--- SUPPLIED RECORDS Enclosed Below ---

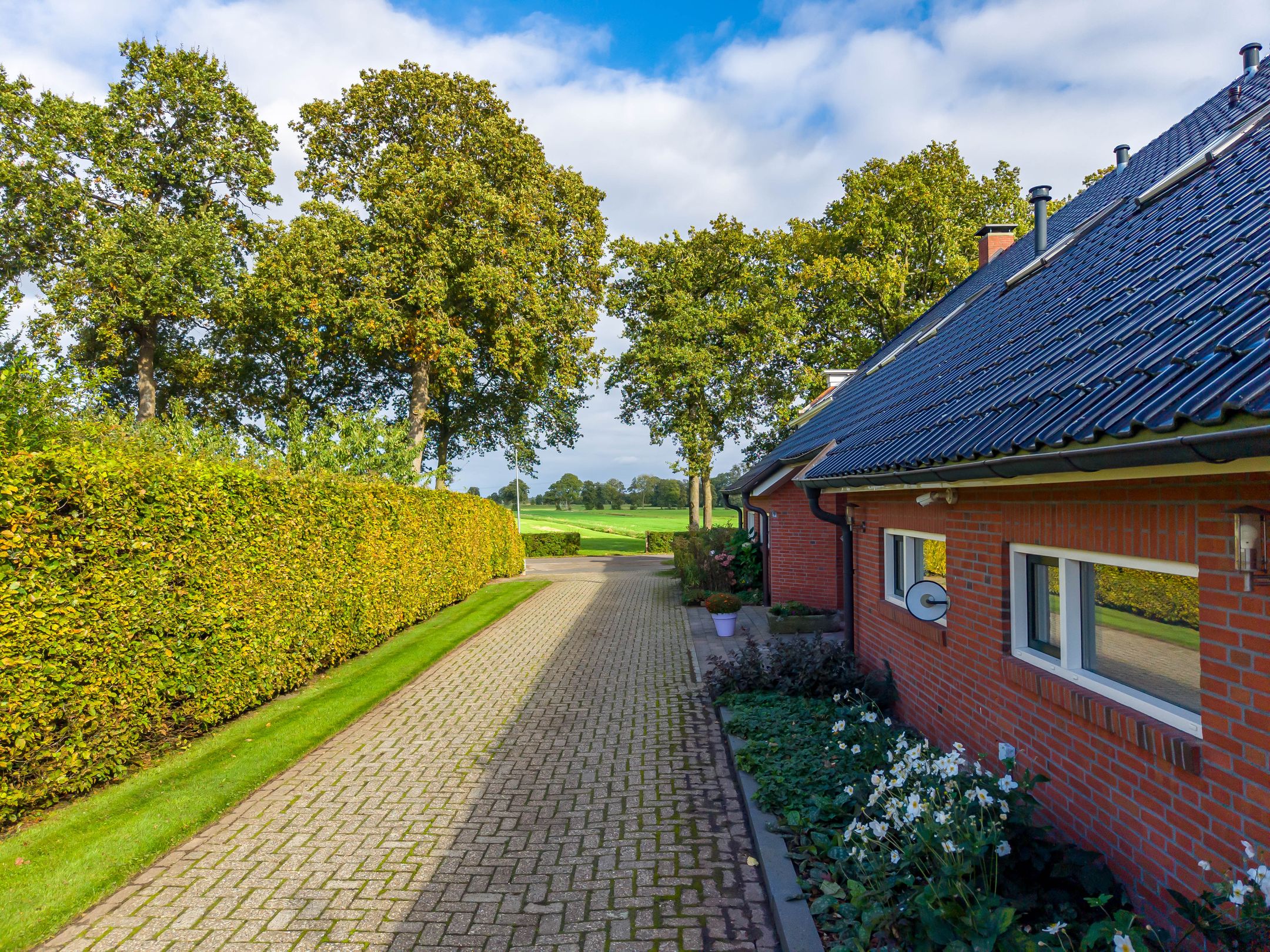 Foto 15 van Lageweg 29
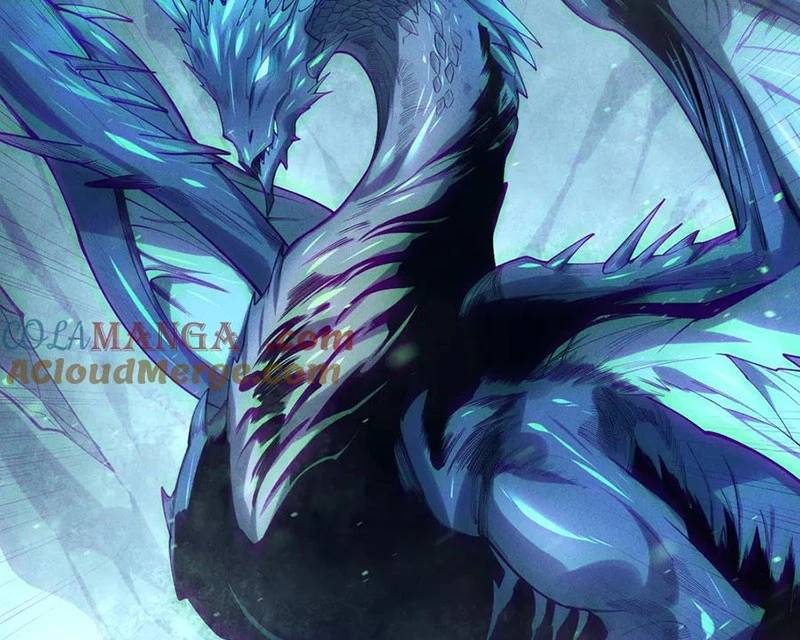 Thảm Họa Tử Linh Sư - Chapter 135 - Page 78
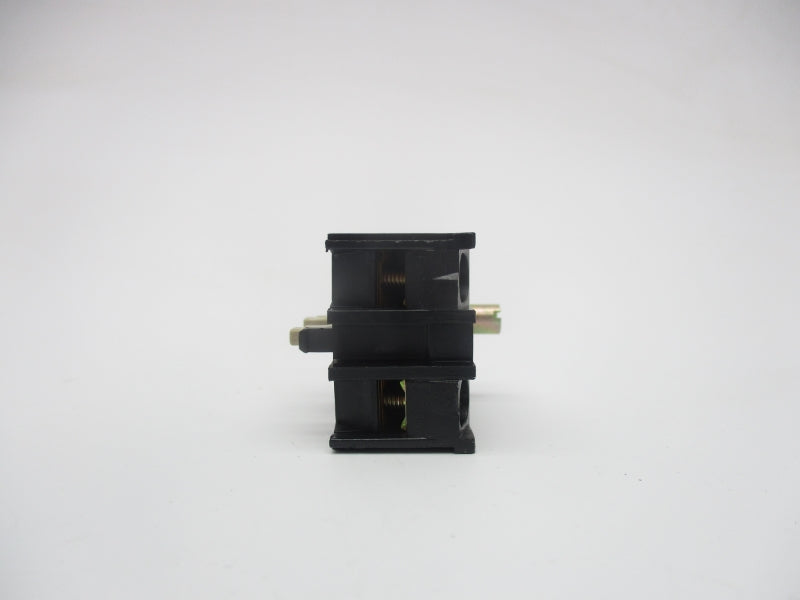 GENERAL ELECTRIC 080B02V 660V 10A NSMP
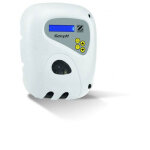 Rgulateur de ph zodiac ph perfect / gen ph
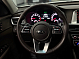 Kia Optima Luxe, 2018 года, пробег 144440 км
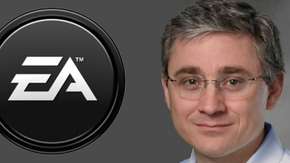خروج مفاجئ لرئيس تنفيذ شركة EA لألعاب الجوال بعد خدمة عشرين سنة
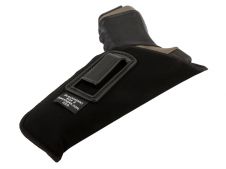 Blackhawk Inside The Pants Holster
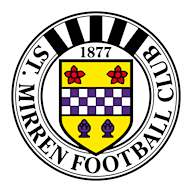 St. Mirren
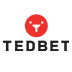 Tedbet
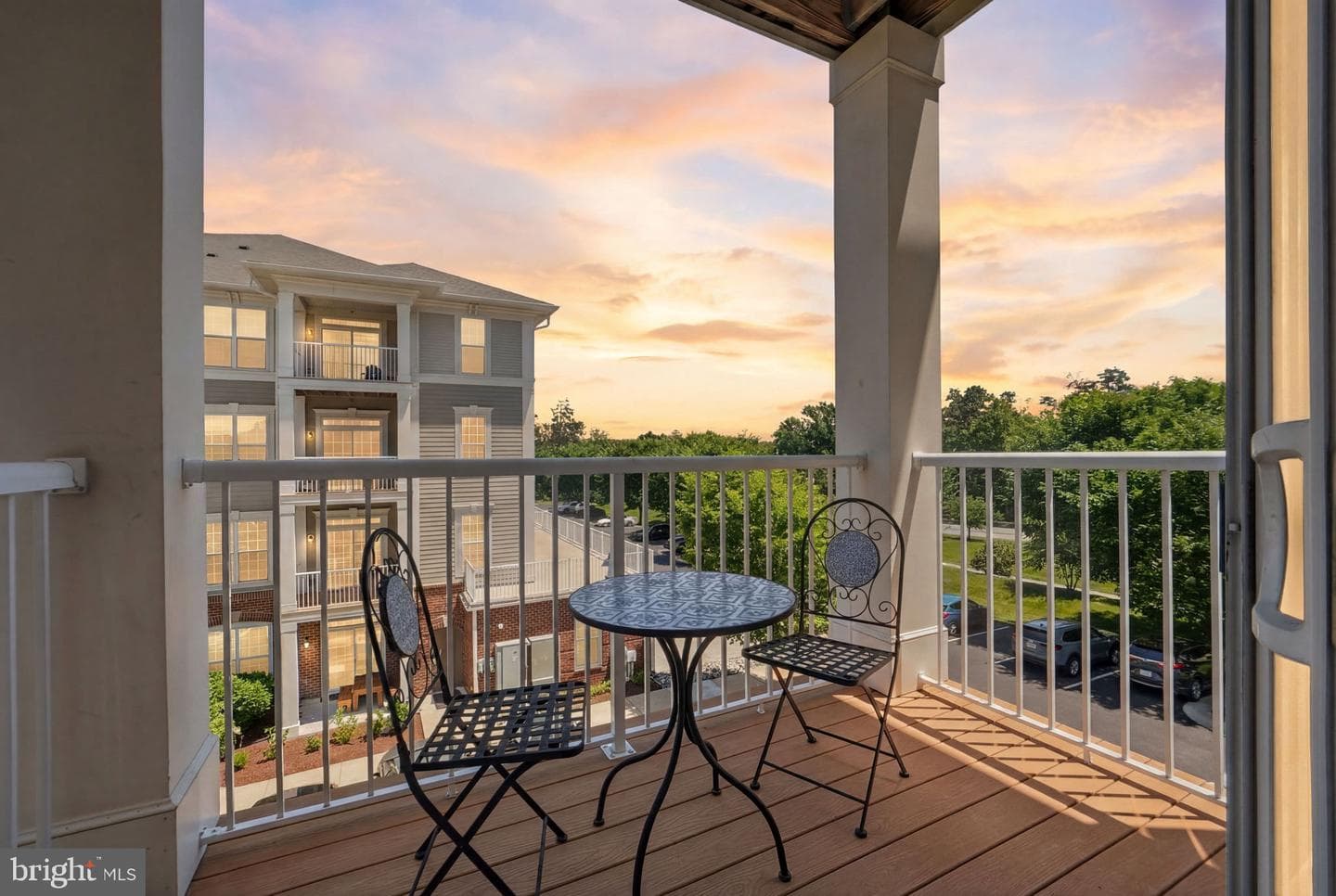 3850 Clara Downey Avenue #31, Silver Spring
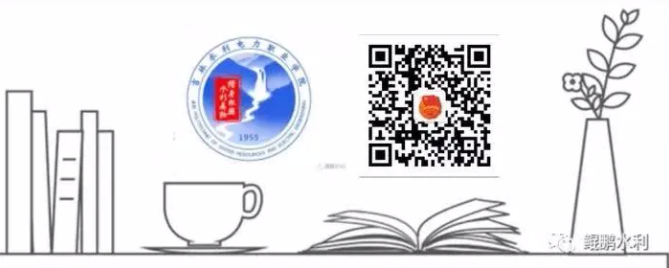 图片.png 图片.png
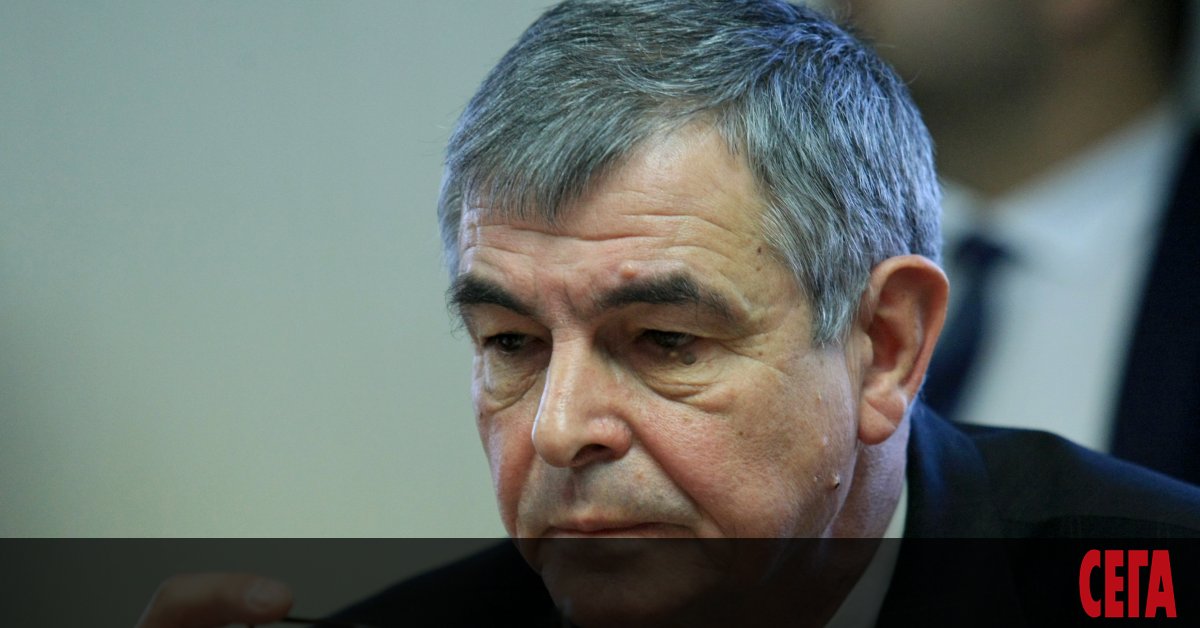 Фамозната коалиция Граждани от протеста, в която се наредиха заедно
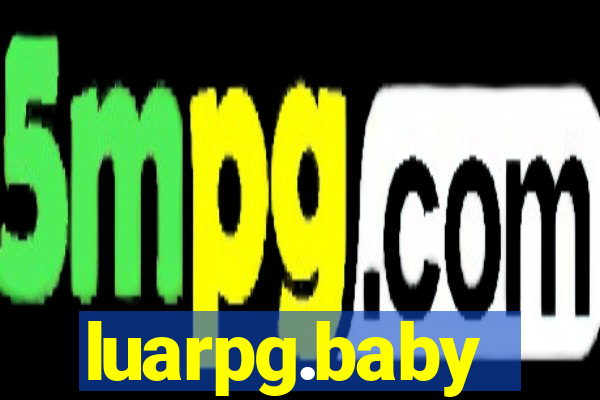 luarpg.baby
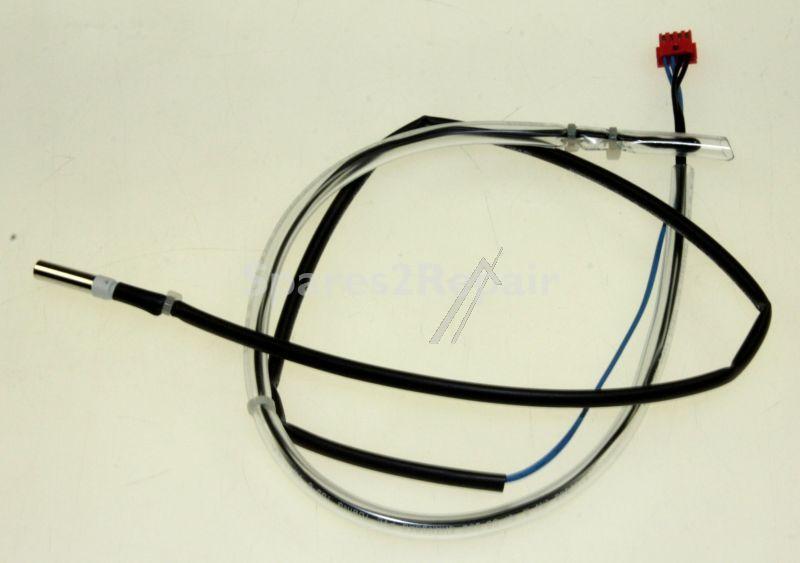 Samsung Thermostatic Fuse - Db95-04329a Assembly Thermistor-air-dis:system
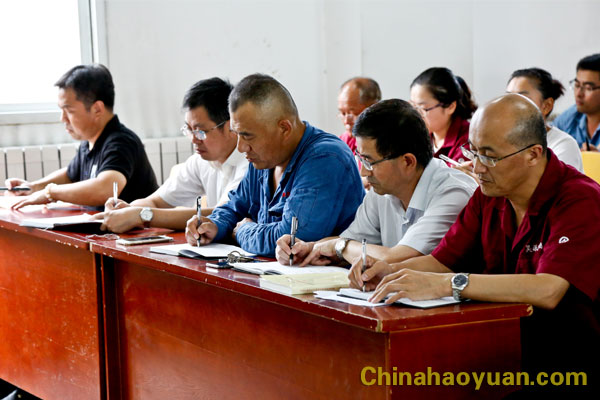 J9·九游集团(国际)官方网站-真人游戏第一品牌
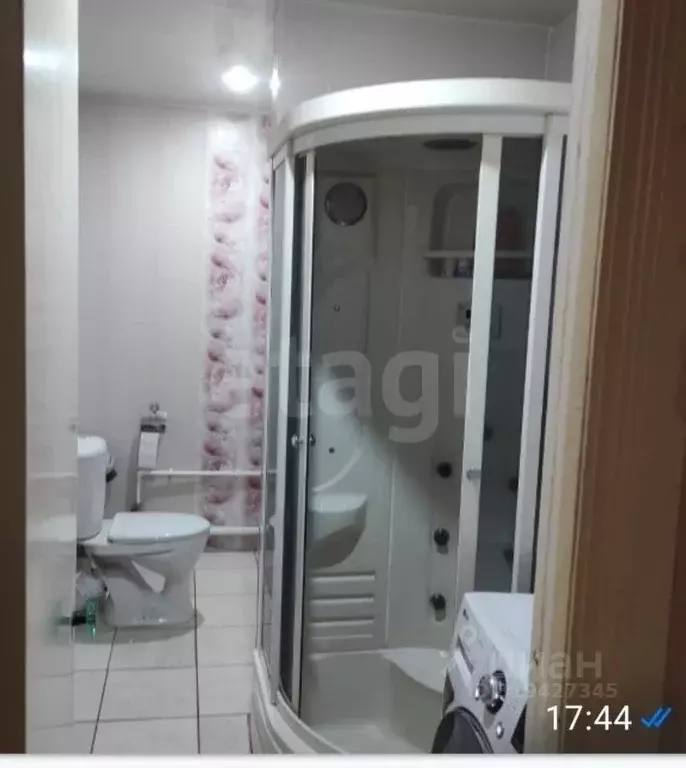 Дом в Кировская область, Зуевка ул. Труда, 99 (200 м) - Фото 1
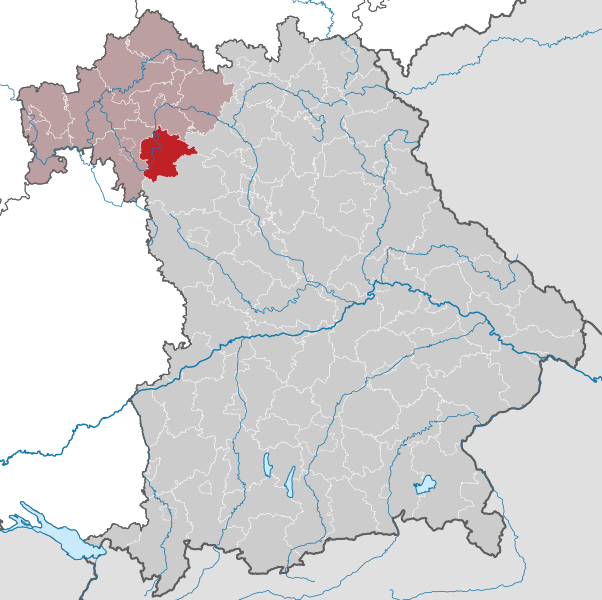 File:Bavaria KT.svg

--- End of Enclosed SUPPLIED RECORDS ---

The expected output is the run of lines from the one containing "3850 Clara Downey Avenue #31, Silver Spring" to the last line of the listing above, both included, word for word and free of pictures.

**SOLVED PROBLEM**:
 3850 Clara Downey Avenue #31, Silver Spring
 图片.png 图片.png
 Фамозната коалиция Граждани от протеста, в която се наредиха заедно
 luarpg.baby
 Samsung Thermostatic Fuse - Db95-04329a Assembly Thermistor-air-dis:system
 J9·九游集团(国际)官方网站-真人游戏第一品牌
 Дом в Кировская область, Зуевка ул. Труда, 99 (200 м) - Фото 1
 File:Bavaria KT.svg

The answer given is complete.